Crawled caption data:
====================
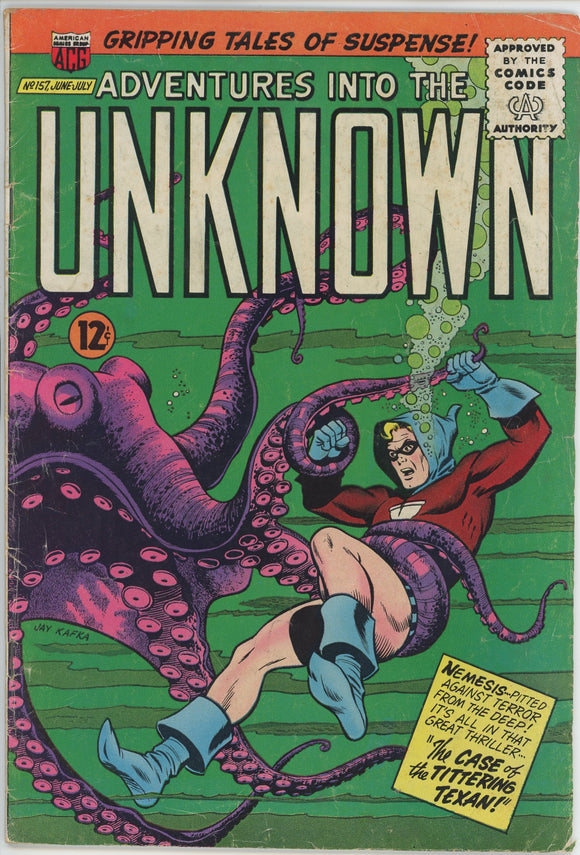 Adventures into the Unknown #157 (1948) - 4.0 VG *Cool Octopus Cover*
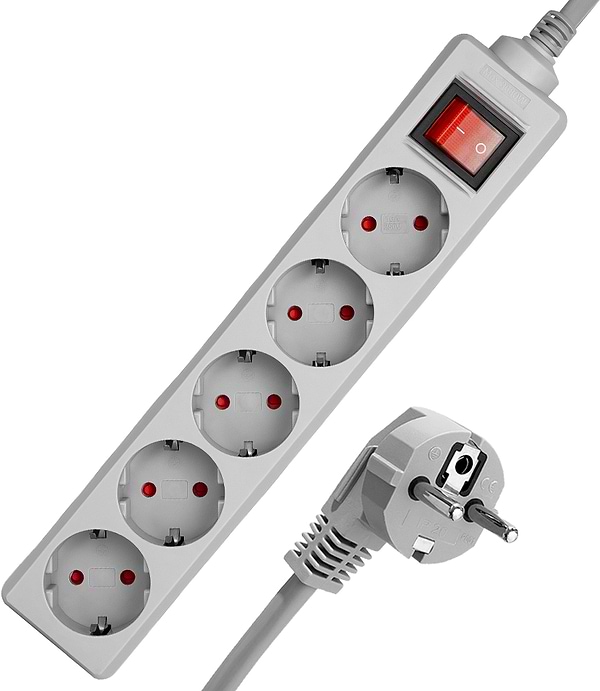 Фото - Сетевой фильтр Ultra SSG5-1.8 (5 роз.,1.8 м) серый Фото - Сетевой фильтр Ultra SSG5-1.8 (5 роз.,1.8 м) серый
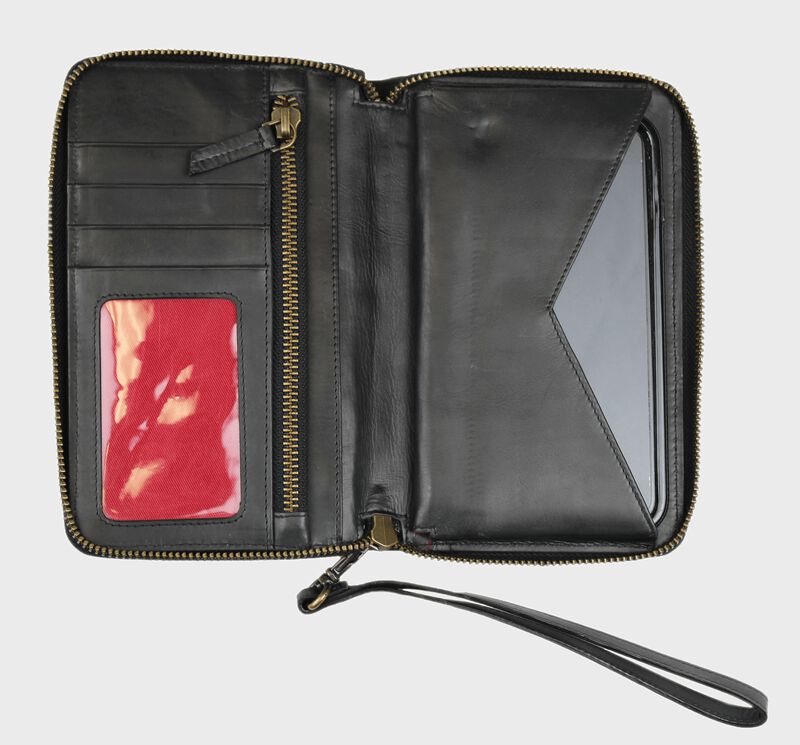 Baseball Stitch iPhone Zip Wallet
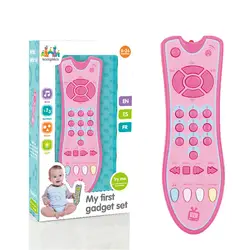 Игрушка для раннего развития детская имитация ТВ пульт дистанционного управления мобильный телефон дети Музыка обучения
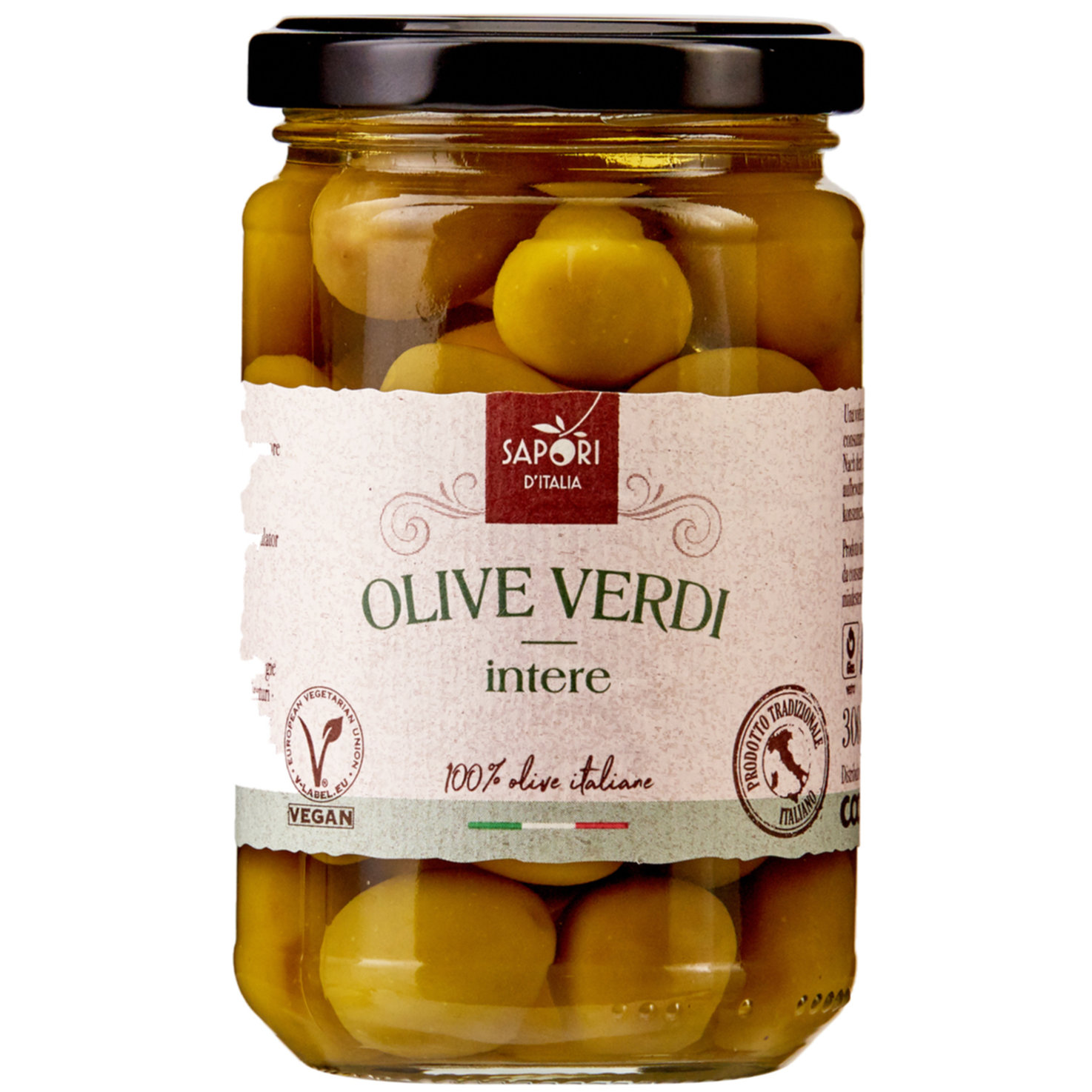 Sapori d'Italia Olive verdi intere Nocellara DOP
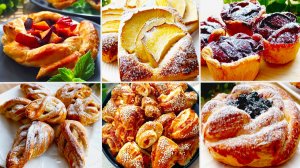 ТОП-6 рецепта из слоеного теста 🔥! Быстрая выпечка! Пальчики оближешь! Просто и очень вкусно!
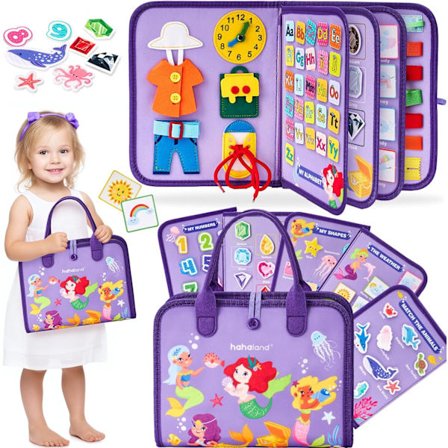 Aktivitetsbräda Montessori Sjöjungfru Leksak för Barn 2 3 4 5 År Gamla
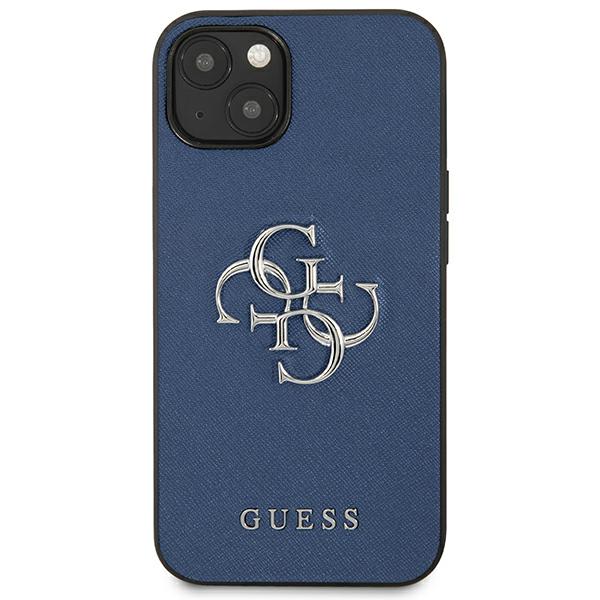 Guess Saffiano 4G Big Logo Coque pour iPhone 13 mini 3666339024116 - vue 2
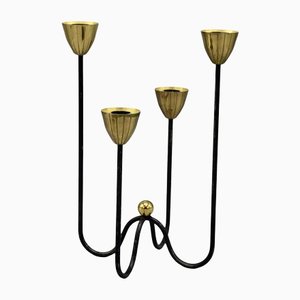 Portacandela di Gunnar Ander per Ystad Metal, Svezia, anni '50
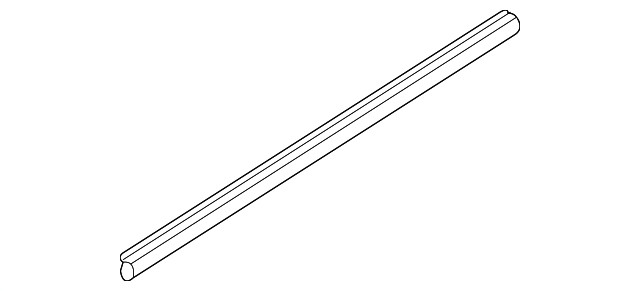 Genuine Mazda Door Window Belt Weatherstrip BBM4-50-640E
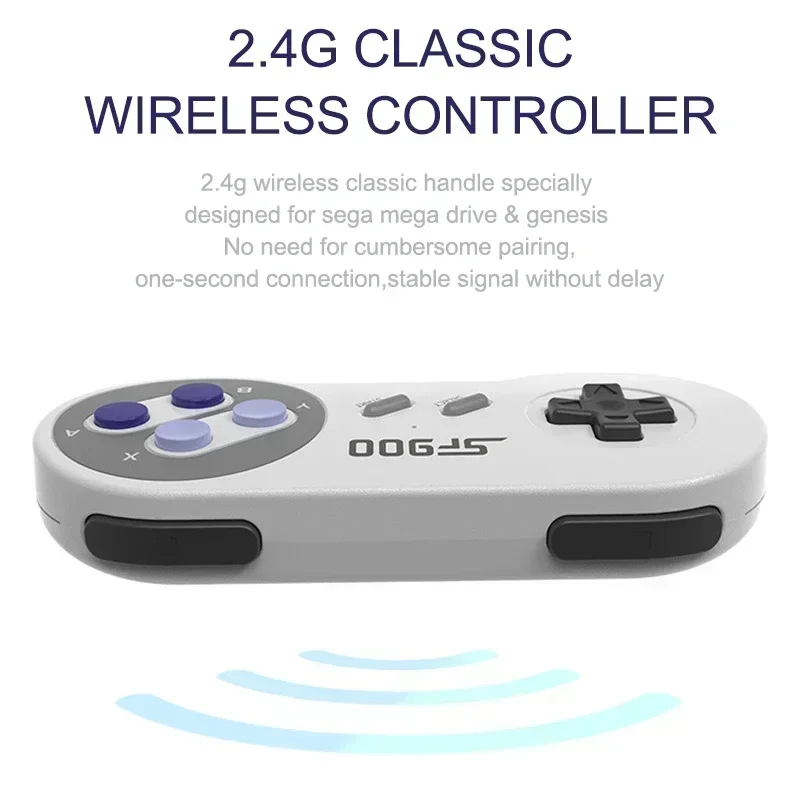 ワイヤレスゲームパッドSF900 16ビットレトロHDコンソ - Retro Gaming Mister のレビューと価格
====================
WHAT THE TASK ASKS: With the pictures left out, copy exactly the lines from the one containing "Baseball Stitch iPhone Zip Wallet" through the final line of the records above, both included.

OUTPUT BELOW:
 Baseball Stitch iPhone Zip Wallet
 Игрушка для раннего развития детская имитация ТВ пульт дистанционного управления мобильный телефон дети Музыка обучения
 Sapori d'Italia Olive verdi intere Nocellara DOP
 ТОП-6 рецепта из слоеного теста 🔥! Быстрая выпечка! Пальчики оближешь! Просто и очень вкусно!
 Aktivitetsbräda Montessori Sjöjungfru Leksak för Barn 2 3 4 5 År Gamla
 Guess Saffiano 4G Big Logo Coque pour iPhone 13 mini 3666339024116 - vue 2
 Portacandela di Gunnar Ander per Ystad Metal, Svezia, anni '50
 Genuine Mazda Door Window Belt Weatherstrip BBM4-50-640E
 ワイヤレスゲームパッドSF900 16ビットレトロHDコンソ - Retro Gaming Mister のレビューと価格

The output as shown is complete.